_PROBLEM TO SOLVE_: Pick up at the line with "this 1428×840 image.". Write it out exactly, along with each later line through the end of the data, and nothing more.
Start of DATA SHOWN
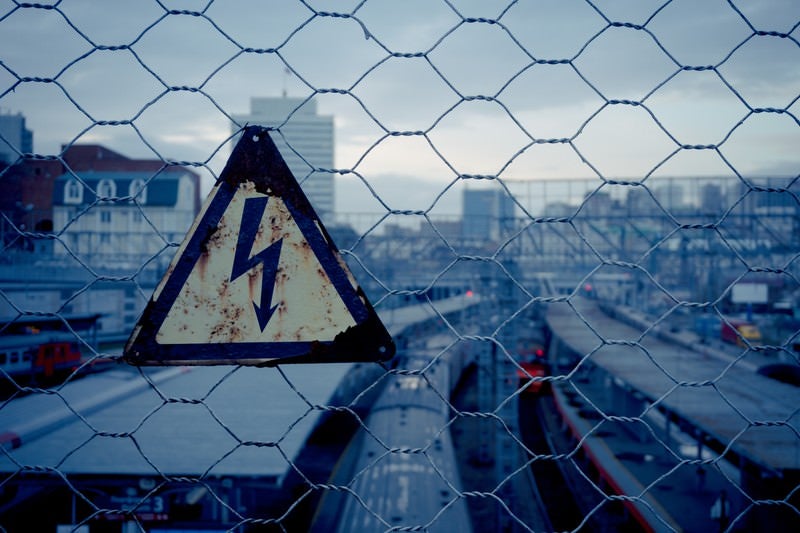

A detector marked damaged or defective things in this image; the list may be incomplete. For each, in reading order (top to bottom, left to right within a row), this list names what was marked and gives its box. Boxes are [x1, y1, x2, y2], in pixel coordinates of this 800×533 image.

rusty warning sign [123, 125, 396, 366]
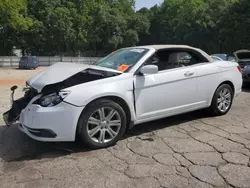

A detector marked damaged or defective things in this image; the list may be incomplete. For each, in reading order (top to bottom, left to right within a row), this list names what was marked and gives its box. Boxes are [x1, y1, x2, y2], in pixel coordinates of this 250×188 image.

crumpled hood [26, 62, 122, 92]
damaged front end [2, 85, 38, 126]
broken headlight [36, 91, 70, 107]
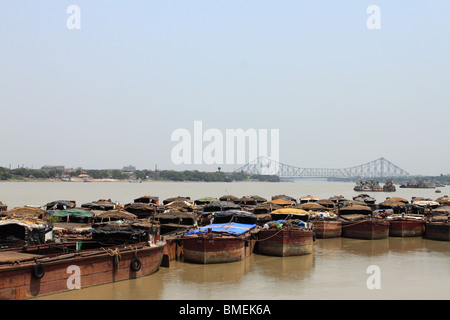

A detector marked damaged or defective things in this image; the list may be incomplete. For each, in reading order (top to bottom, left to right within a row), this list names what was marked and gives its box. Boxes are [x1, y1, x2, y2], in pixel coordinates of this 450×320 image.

rusty barge hull [312, 221, 342, 239]
rusty barge hull [340, 220, 388, 240]
rusty barge hull [386, 219, 426, 236]
rusty barge hull [426, 224, 450, 241]
rusty barge hull [182, 234, 253, 264]
rusty barge hull [256, 228, 312, 258]
rusty barge hull [0, 241, 165, 298]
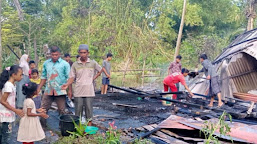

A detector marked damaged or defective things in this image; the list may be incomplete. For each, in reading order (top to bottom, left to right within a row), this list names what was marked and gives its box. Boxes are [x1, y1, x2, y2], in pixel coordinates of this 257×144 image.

burned house [190, 28, 256, 102]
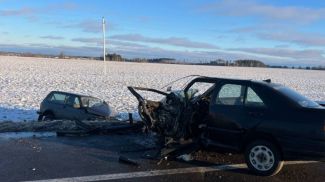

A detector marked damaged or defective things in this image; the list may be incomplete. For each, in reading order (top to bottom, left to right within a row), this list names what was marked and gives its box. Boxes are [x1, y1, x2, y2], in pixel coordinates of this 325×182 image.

crumpled silver car [37, 90, 111, 121]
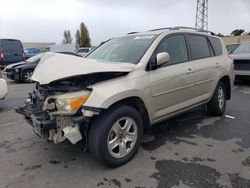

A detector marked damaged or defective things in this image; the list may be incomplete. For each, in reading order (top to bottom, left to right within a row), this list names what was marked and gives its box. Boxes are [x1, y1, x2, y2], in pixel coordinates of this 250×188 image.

dented hood [33, 53, 136, 85]
broken headlight [44, 90, 91, 115]
damaged white suv [15, 26, 234, 166]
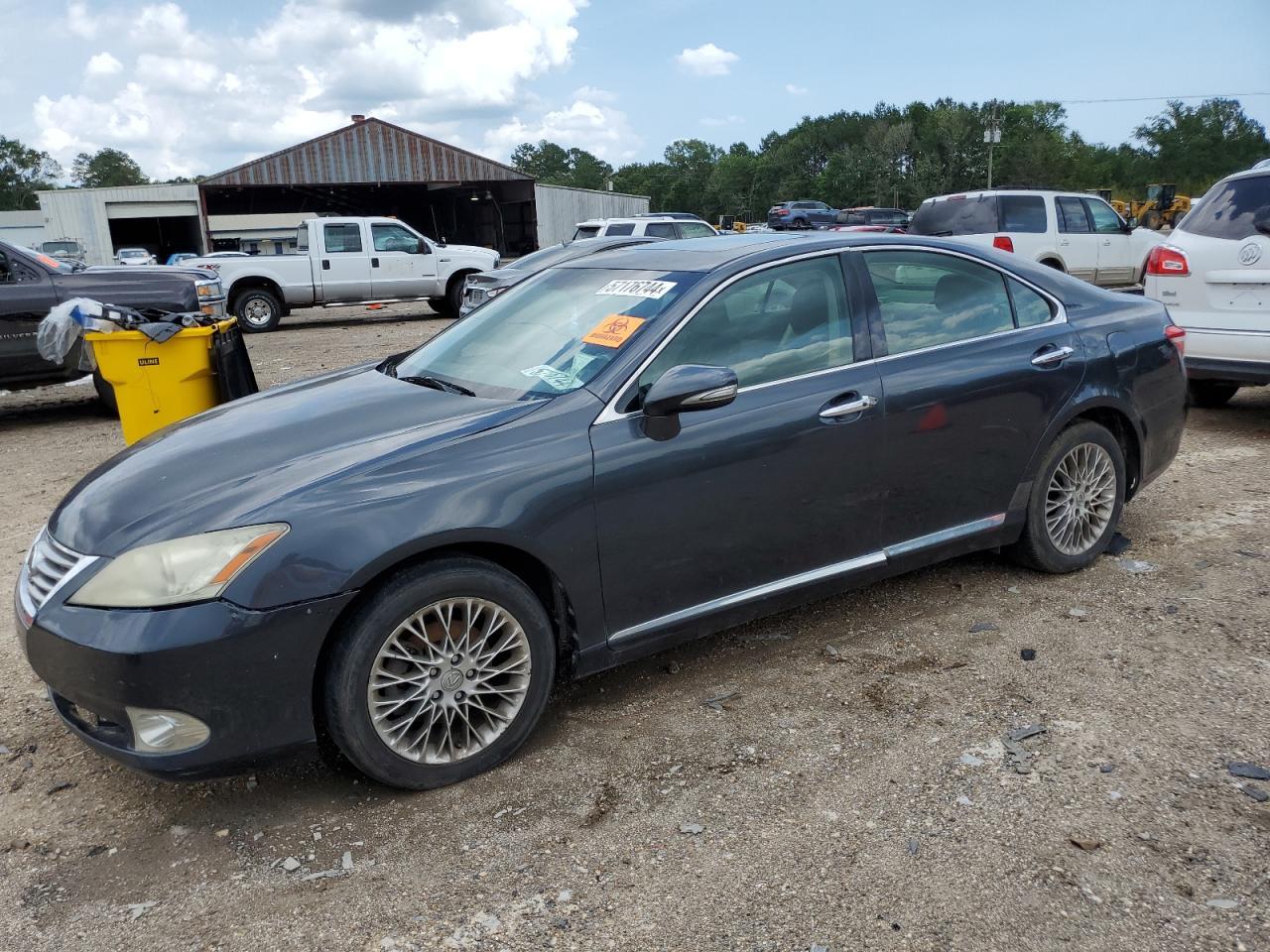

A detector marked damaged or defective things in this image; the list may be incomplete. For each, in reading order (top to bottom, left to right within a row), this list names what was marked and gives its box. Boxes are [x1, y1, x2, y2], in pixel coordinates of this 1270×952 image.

rusty roof [203, 117, 532, 186]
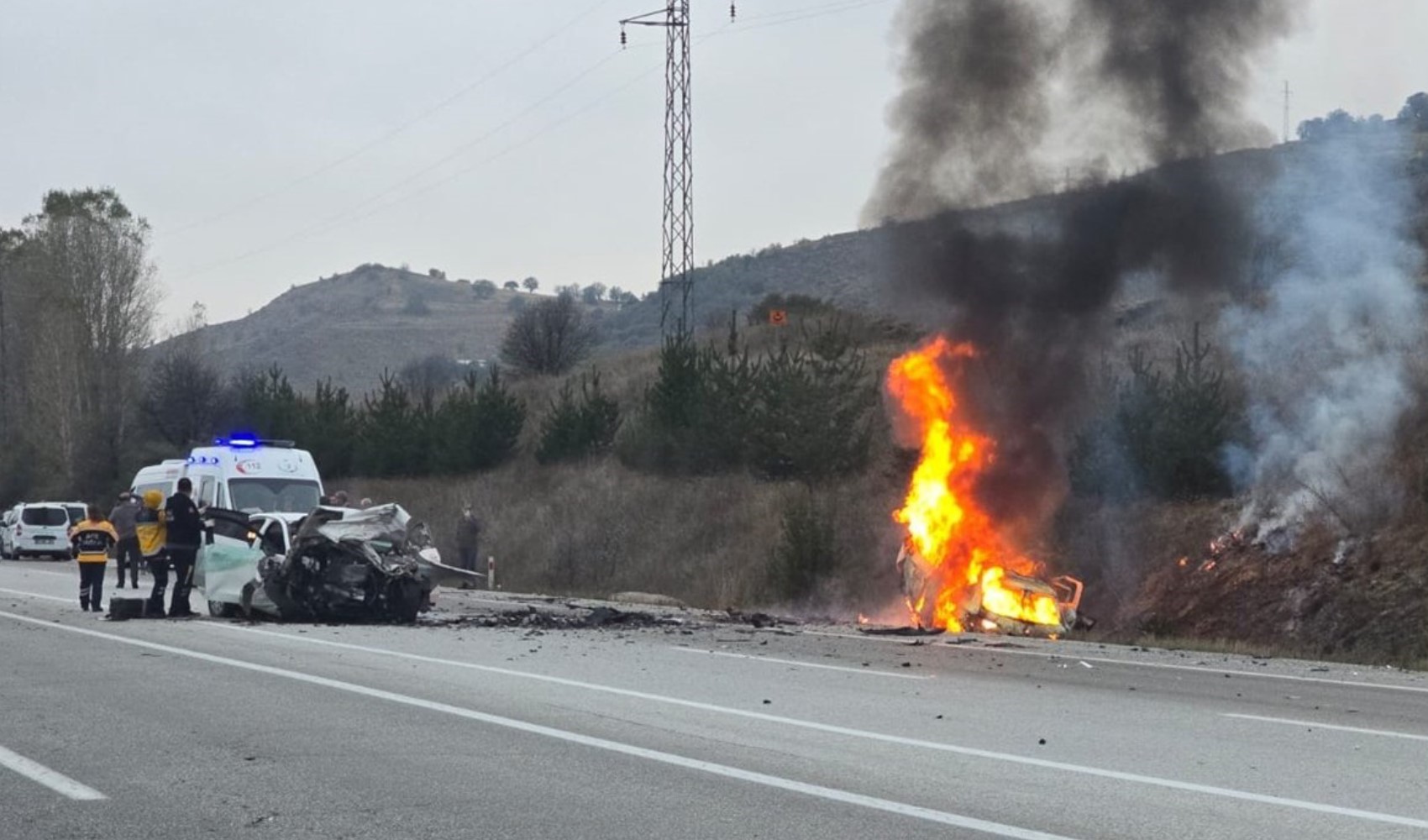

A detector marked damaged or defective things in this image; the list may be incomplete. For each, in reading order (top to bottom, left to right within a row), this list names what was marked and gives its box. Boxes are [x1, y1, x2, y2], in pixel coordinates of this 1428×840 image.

wrecked car [195, 501, 484, 622]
End of DATA SHOWN
_EXERCISE RESPONSE_:
A detector marked damaged or defective things in this image; the list may be incomplete. For each, in reading order (top to bottom, left to right within a row), this list names what was marked and gives its box. Boxes are [x1, y1, x2, y2], in pixel coordinates of this 1428×840 image.

wrecked car [195, 501, 484, 622]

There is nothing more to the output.